In 24 hours I’ll be welcoming art teachers, classroom teachers, studio owners and parent to my 2-day summer art workshop.
It’s too cliche to say I’m excited. It’s more than that. This is what I love to do. Teach. Inspire. Motivate. Create.
But behind the fun of planning the lessons and playing with the supplies, there’s a whole lot of madness, mess and paperwork beneath the surface…
HERE’S WHAT REALLY HAPPENS…
1. The date you want to host your workshop is never available.
Like a wedding, if you want to plan a workshop that can accommodate more than 25 people, you need space. And space is always in short supply. And it costs money. I knew that I had to turn away as many people that attended my 2015 workshop, so doubling the room space was necessary.
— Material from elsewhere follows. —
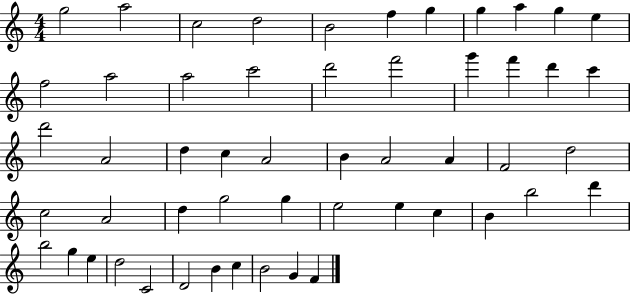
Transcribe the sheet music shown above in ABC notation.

I went from an easy-peasy set up at a large university to a big deal set-up at the same university. Bigger rooms mean more expenses, more rules and more paper work. And they mean that you need to work around their schedule and not the other way around.
The university had one weekend available all summer long; the date in which I travel home to PEI and start my summer vacation. But vacations can be adjusted but not the university schedule! The room I secured is big, beautiful and comes with a bevy of staff to help you plan your event. Nice!
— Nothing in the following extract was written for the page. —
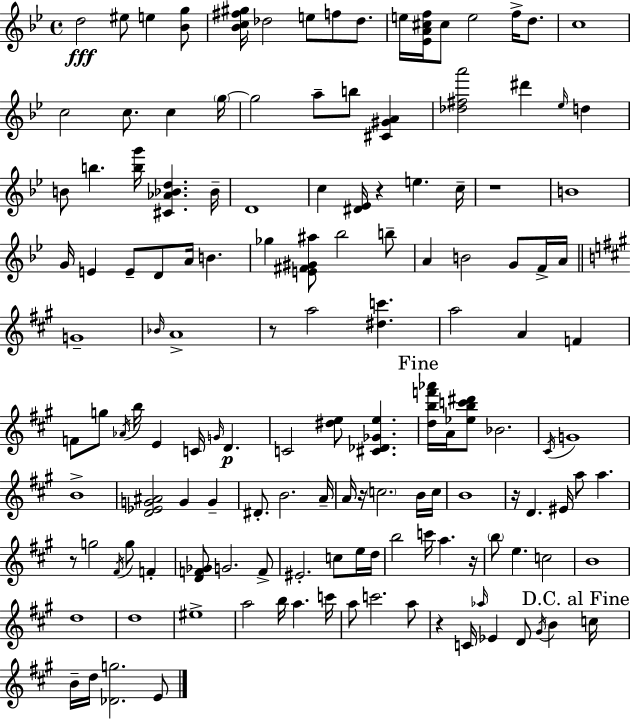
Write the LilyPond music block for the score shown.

Lesson learned: Plan way, way in advance. If you want to host your workshop in a hotel, conference center or university, sometimes you need more than a year’s notice. Just like a wedding.
2. People cancel and cancel and cancel….
One of the discouraging things about planning a workshop is all the cancellations. It’s like hosting a huge party and everyone makes other plans. But the trick is to have a waiting list so that you can allow other folks to join the party when spots open. Also, don’t take it personally. If you do, the joy of hosting a workshop starts to fade. And we don’t want that.
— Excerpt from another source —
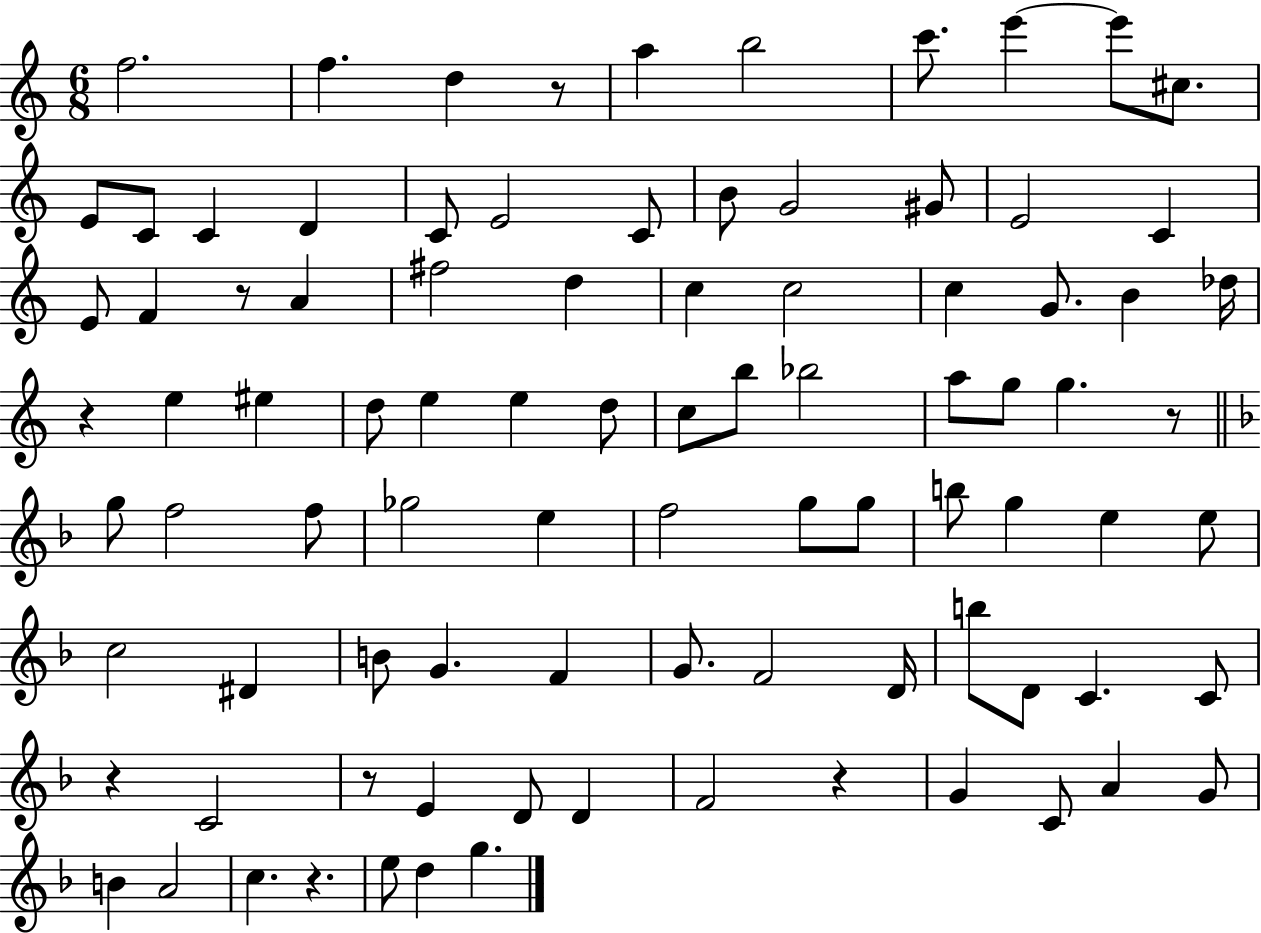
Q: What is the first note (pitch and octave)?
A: F5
Some conferences I have attended have a zero refund policy. You can offer your ticket to someone else but no refunds. that’s hard but it also makes attendees really commit to the event.
Lesson Learned: Make sure to have a firm cancellation policy. If you are paying for food, this is especially important as food is one of the biggest expenses.
3. Students make the best helpers…
I love offering high school students a chance to earn some money. This gives them a taste of working in an environment that offers a fresh take on a typical teenage job. At my workshops, they help set-up, decorate, deliver supplies, change water buckets, place artwork in areas to dry and clean-up. It’s usually a fun experience for all involved.
Make sure to take advantage of their help before the day sorting supplies and packing swag bags.
4. Technology is your best friend…
Teachers are well versed in technology in the classrooms, so workshops should reflect that. If you have more than a handful of work-shoppers, utilizing screens, slide decks, and document cameras allows everyone to have a front seat advantage.
If at all possible, create a slide deck template for your teacher guests. This would include the best size ratio for your presentation screen, and would brand each slide with your workshop logo. This helps any guest teachers to drop in their images and directions that will flow with the rest of your presentations, creating a streamlined viewing experience for the attendees.
Of course, I didn’t do this but it is something I’m planning to do for my next workshop.
Lesson Learned: Make sure to have a tech person on staff to handle all mics, slide show set-ups, etc. Something always goes wrong and you don’t want to deal with this.
5. Despite nay-sayers, you are qualified to teach, lead and inspire…
Just when you are in the flow, gearing up to meet some of your best online friends, ready to give it your all, there are always a few people who think it’s their responsibility to bring you down.
It never fails to stun me when art teachers (yes! Art teachers!) can be so negative, insecure and downright mean.
But here’s what I do: I really think about what they are feeling. What position they must be in to deliver mean-spirited comments in a public forum and then just be thankful that I’m not like that.
That’s it! Usually, when you realize that the only action you can take from negative responses is to reflect then move on, it’s very freeing.
So yes. You might get some backlash for charging a fee to attend your workshop or charge for a lesson plan or online class, but you have the right to do so.
Stay strong, creative entrepreneur!
I recorded a podcast talking about who to plan your own art workshop. Have a listen HERE.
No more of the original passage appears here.